— Task statement —
Look below for the line that has "Cameron Leather Loveseat". Set down the lines from there through the line that has "Sada kapotáže pre", exactly as written.

— Data shown —
[Start of Attachment]
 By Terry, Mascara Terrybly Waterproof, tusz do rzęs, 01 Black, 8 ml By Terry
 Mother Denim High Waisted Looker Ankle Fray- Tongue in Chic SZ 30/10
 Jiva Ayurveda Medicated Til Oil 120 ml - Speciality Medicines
[End of Attachment]
[Start of Attachment]
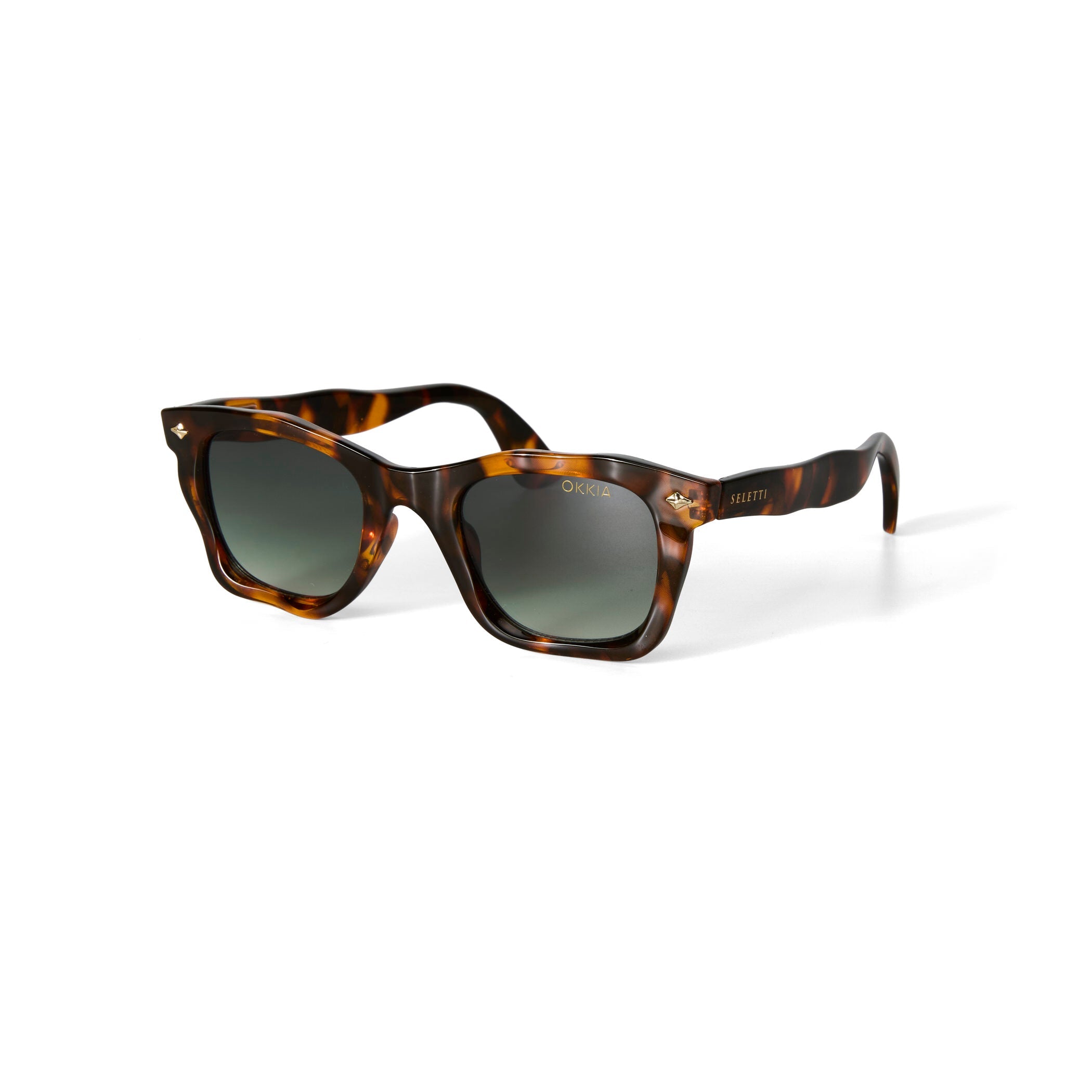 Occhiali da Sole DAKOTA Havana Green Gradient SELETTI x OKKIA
[End of Attachment]
[Start of Attachment]
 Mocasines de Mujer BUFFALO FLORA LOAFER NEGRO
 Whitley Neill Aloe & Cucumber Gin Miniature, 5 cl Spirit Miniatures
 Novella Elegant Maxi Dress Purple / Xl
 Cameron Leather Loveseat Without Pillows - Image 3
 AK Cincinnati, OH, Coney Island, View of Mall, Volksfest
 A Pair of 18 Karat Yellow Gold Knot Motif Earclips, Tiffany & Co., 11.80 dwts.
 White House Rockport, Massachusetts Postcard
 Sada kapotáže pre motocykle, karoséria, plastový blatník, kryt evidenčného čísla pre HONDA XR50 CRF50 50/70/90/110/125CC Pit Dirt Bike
[End of Attachment]
— Answer to the problem —
 Cameron Leather Loveseat Without Pillows - Image 3
 AK Cincinnati, OH, Coney Island, View of Mall, Volksfest
 A Pair of 18 Karat Yellow Gold Knot Motif Earclips, Tiffany & Co., 11.80 dwts.
 White House Rockport, Massachusetts Postcard
 Sada kapotáže pre motocykle, karoséria, plastový blatník, kryt evidenčného čísla pre HONDA XR50 CRF50 50/70/90/110/125CC Pit Dirt Bike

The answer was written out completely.